Recorded information -
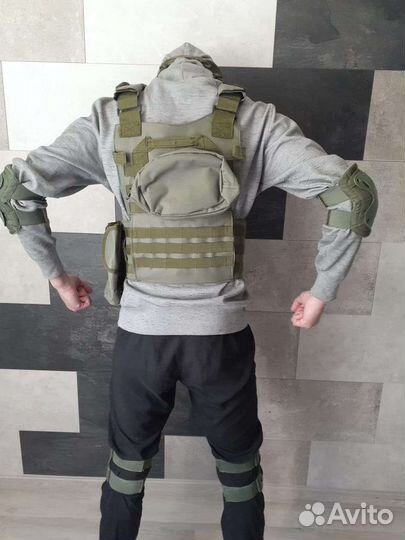 Разгрузка и тактическое снаряжение Комплект Новое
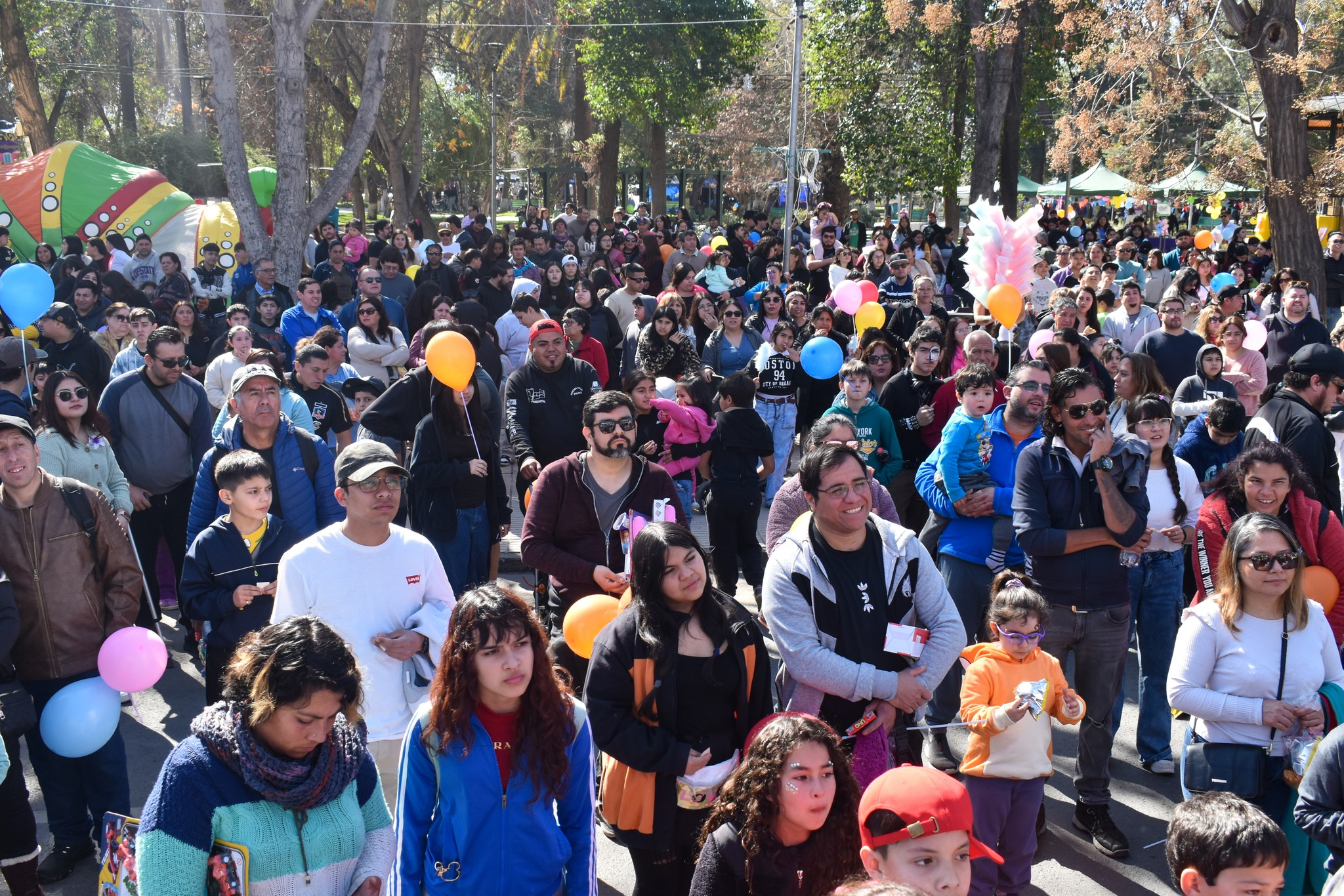 SANTA MARÍA: Gran convocatoria en la celebración del Día de la Niñez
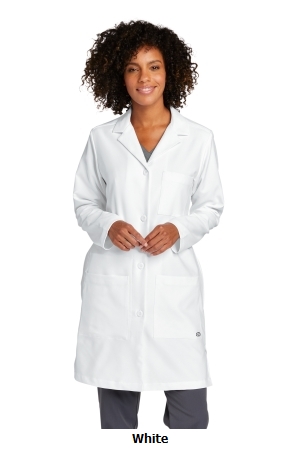 WonderWink® Women’s Long Lab Coat .  W. WINK  WW4172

Task directions -
Repeat the listing word for word, omitting the pictures.

Completed task -
 Разгрузка и тактическое снаряжение Комплект Новое
 SANTA MARÍA: Gran convocatoria en la celebración del Día de la Niñez
 WonderWink® Women’s Long Lab Coat .  W. WINK  WW4172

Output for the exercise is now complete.